His evil impotence, the root of both his power and powerlessness, was
incorporated into both tone and theme.

Marlow’s adventure in the Congo was an experience that led not only to
philosophical conclusions but to a physical and nervous collapse. Marlow’s
health was ruined. He was profoundly shocked by the exploitation of the natives,
and the dark, primitive jungle chaos haunted his imagination. Witnessing the
evils in the jungle allowed Marlow to do what Kurtz had failed to do: he was
able to repress the evil side of his nature and force his mind into safer, moral
channels of thought. He kept his sanity by suppressing the sense of horror
which had dominated Kurtz and forced him to become evil. Marlow saw the
sickness in the whole account of the exploitation of the natives, and the
savagery he felt within himself, in the hypocrisy of men who wanted to both
improve the brutes and to exterminate them. Since everything that was necessary
to Marlow’s sanity was parallel to Kurtz’s, he could not crawl out of Kurtz’s
mind for even a second. Hence the difficulty he had in putting down the heathen
in himself intensified.

It is evident that Conrad’s “Heart of Darkness” is a story of the
recognition of, in Marlow’s case, the potential of evil corruption in himself;
in Kurtz’s case, the recognition and acknowledgement of the evil he had become.

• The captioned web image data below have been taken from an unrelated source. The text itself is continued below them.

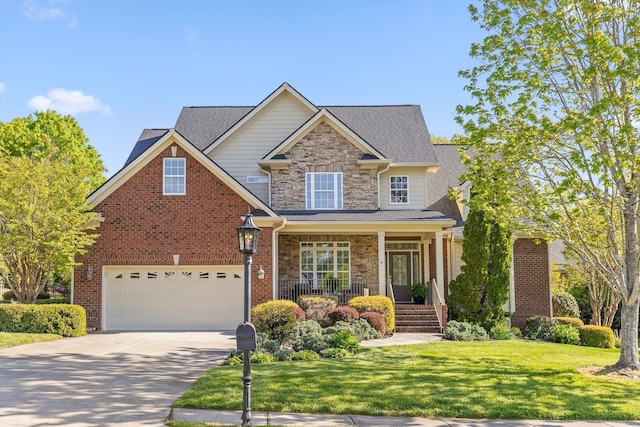 view of front of property with covered porch, driveway, a front yard, brick siding, and a shingled roof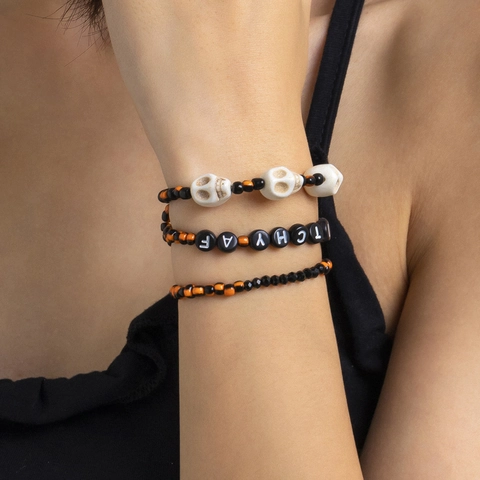 Juego de Pulseras de Cuentas de Halloween para Mujer Naranja Negro Resina Calavera Witchy AF Letras Gótico Joyería de Fiesta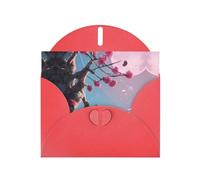 WZYCWB Small pink flowers Printed Red Pearlescent Paper Holiday Card with Envelope. Suitable for birthday wishes wedding congratulations and condolences.
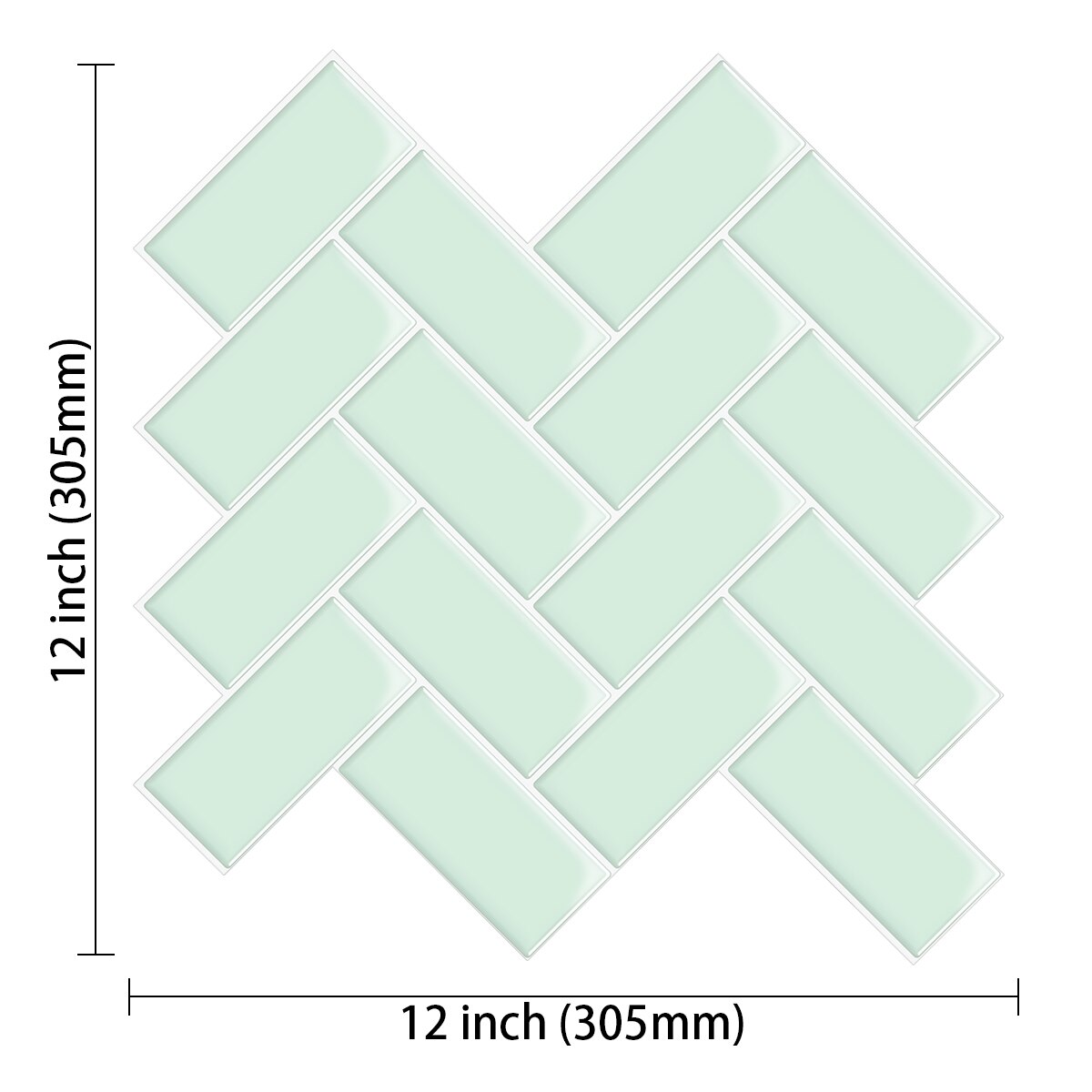 1.6Mm Visgraat 3d Effect Zelfklevende Muur Sticker Keuken Waterdichte Baffle-1 Vel: VP412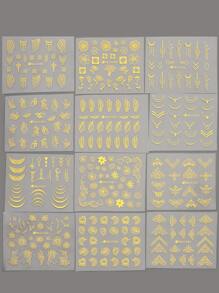 FULL BEAUTY 12片花卉和葉子圖案美甲貼紙，美甲貼紙DIY - 金色 - 查看 6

It is a tale of the acceptance of a hidden evil side in everyone. Marlow and
Kurtz were alike in their recognition of this evil, yet they differed in the
manner with which they dealt with it. Marlow peered over the brink of the abyss
that Kurtz opened before him. Marlow judged Kurtz a moral hero for his direct
stare into the heart of darkness, and for his candid judgment of its horror. As
Marlow found himself looking into the abyss, he was able to turn back, and
reject his own potential to become what Kurtz had become.

As he judge Kurtz’s proclamation of; horror to be a kind of “affirmation,”
a “sort of belief” expressed with a terrible candor and “vibrating” with a “note
of revolt,” so we might judge Marlow’s expression of his indignation and
contempt to be a kind of moral heroism.